→ **WORK TASK**: Produce an exact transcription of the listing below, omitting the pictures.

→ **RECORDS FOR THIS EXERCISE**:

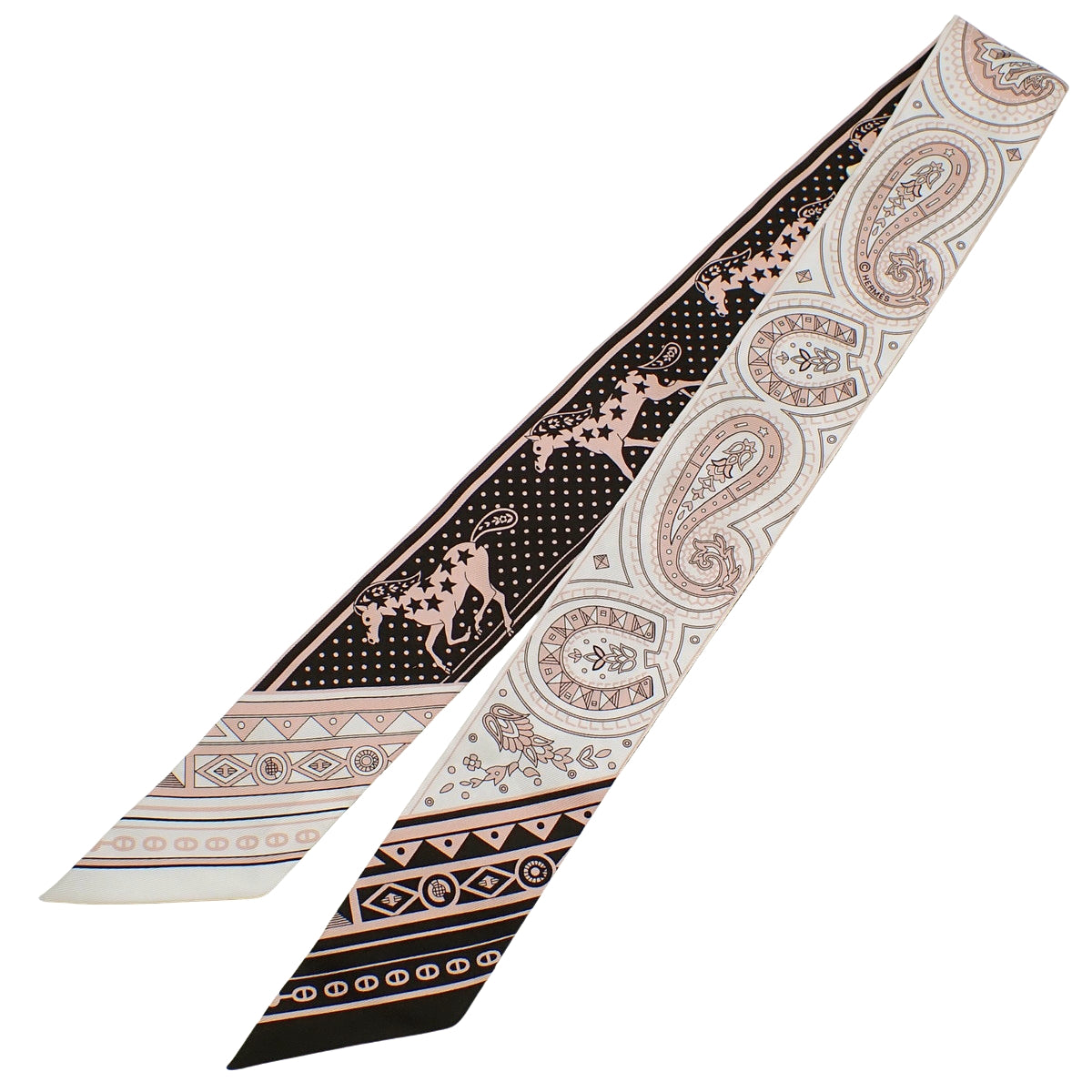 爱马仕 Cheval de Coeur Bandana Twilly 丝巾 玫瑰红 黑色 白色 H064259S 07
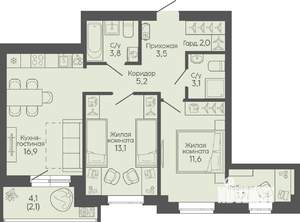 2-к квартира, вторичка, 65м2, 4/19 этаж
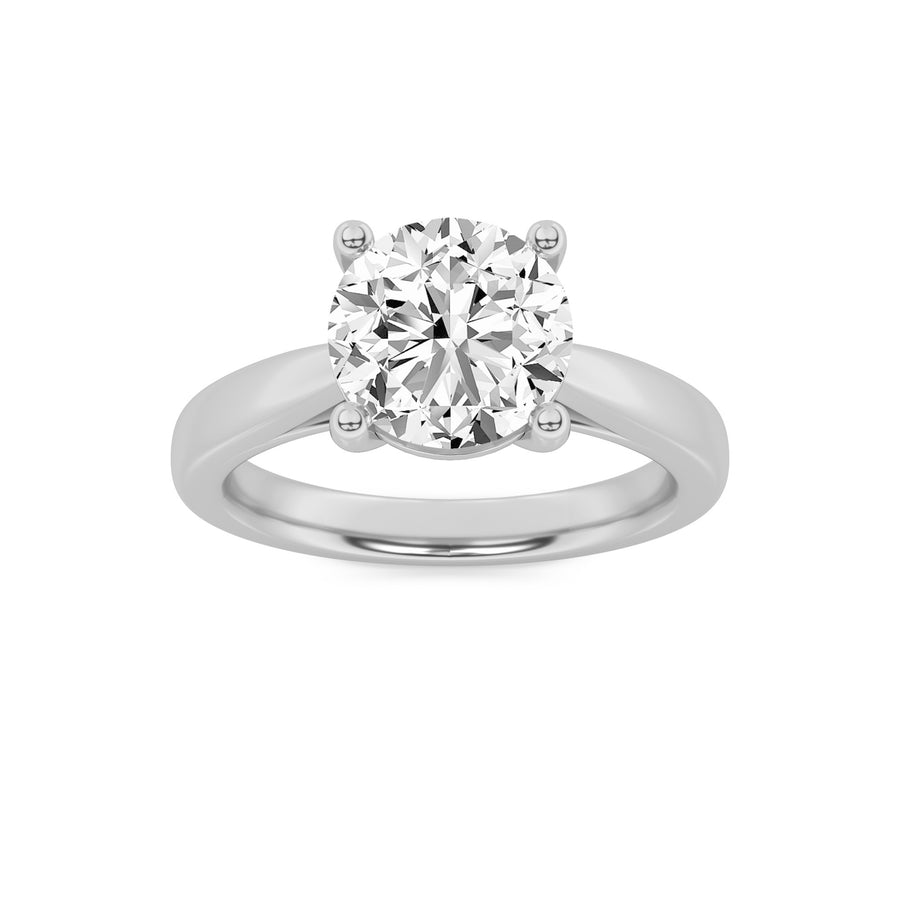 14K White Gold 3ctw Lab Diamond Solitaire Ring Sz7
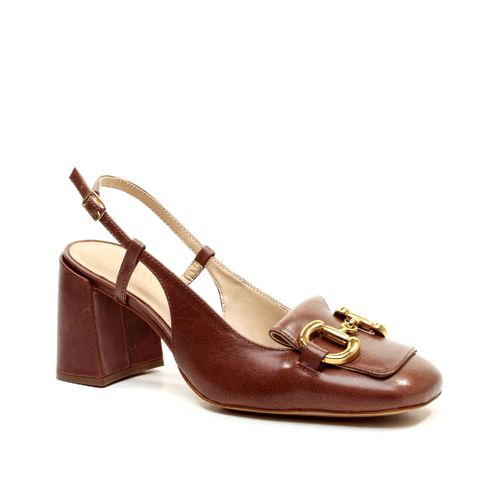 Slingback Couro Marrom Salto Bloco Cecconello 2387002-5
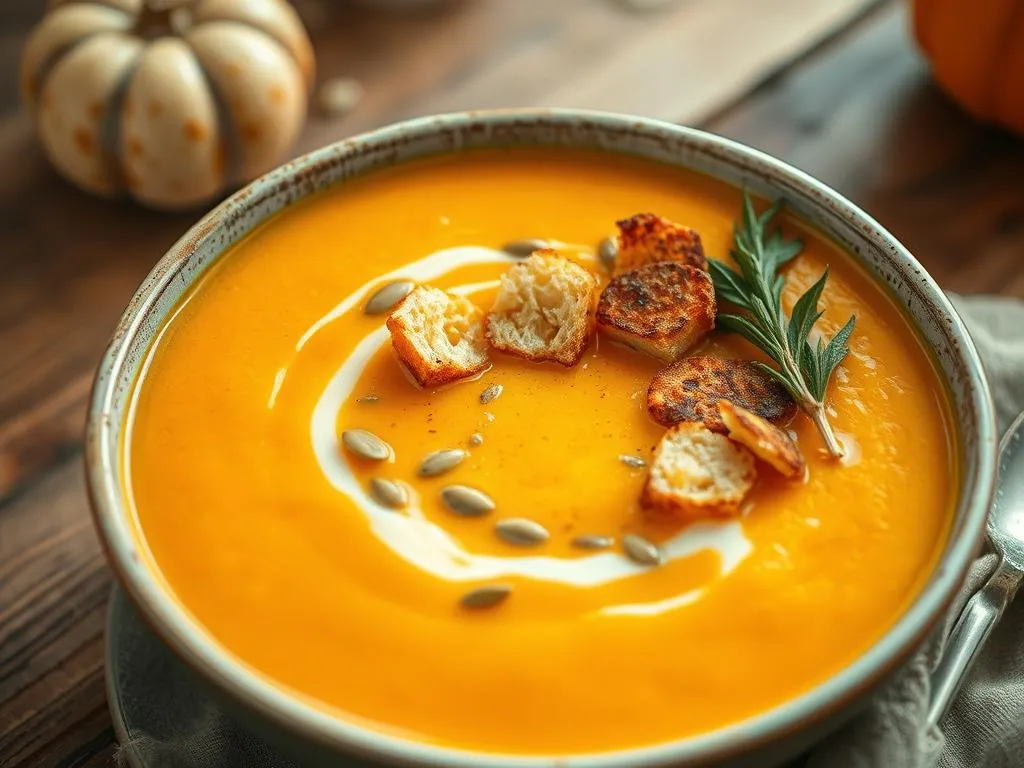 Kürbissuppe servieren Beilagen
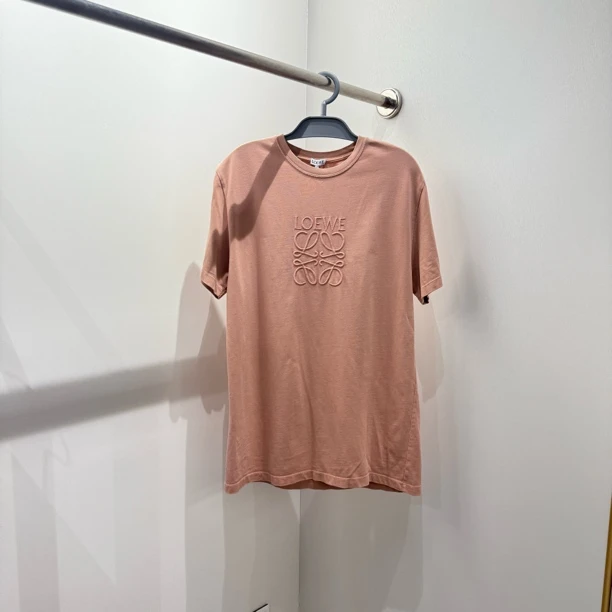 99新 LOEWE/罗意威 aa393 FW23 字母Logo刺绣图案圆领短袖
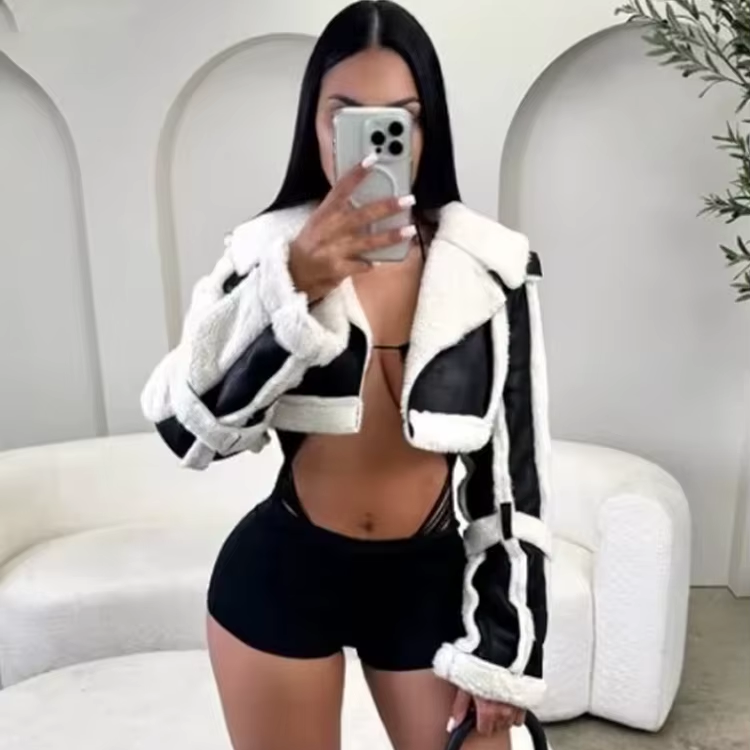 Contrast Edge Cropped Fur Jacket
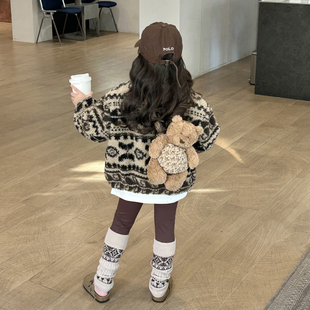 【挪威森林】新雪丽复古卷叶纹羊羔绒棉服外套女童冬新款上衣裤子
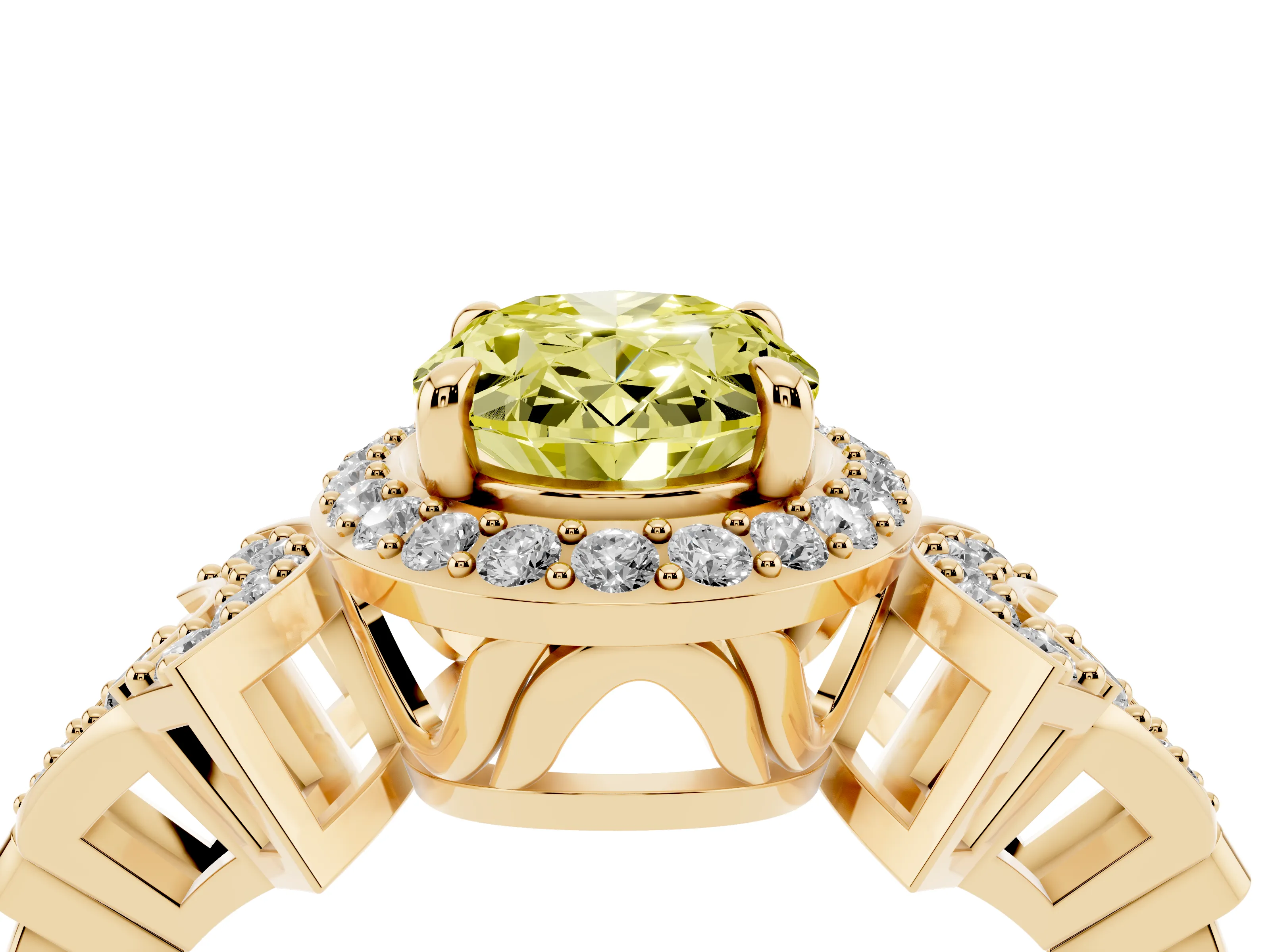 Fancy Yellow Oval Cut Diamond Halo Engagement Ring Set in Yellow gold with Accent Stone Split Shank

→ **SOLVED EXERCISE**:
 爱马仕 Cheval de Coeur Bandana Twilly 丝巾 玫瑰红 黑色 白色 H064259S 07
 2-к квартира, вторичка, 65м2, 4/19 этаж
 14K White Gold 3ctw Lab Diamond Solitaire Ring Sz7
 Slingback Couro Marrom Salto Bloco Cecconello 2387002-5
 Kürbissuppe servieren Beilagen
 99新 LOEWE/罗意威 aa393 FW23 字母Logo刺绣图案圆领短袖
 Contrast Edge Cropped Fur Jacket
 【挪威森林】新雪丽复古卷叶纹羊羔绒棉服外套女童冬新款上衣裤子
 Fancy Yellow Oval Cut Diamond Halo Engagement Ring Set in Yellow gold with Accent Stone Split Shank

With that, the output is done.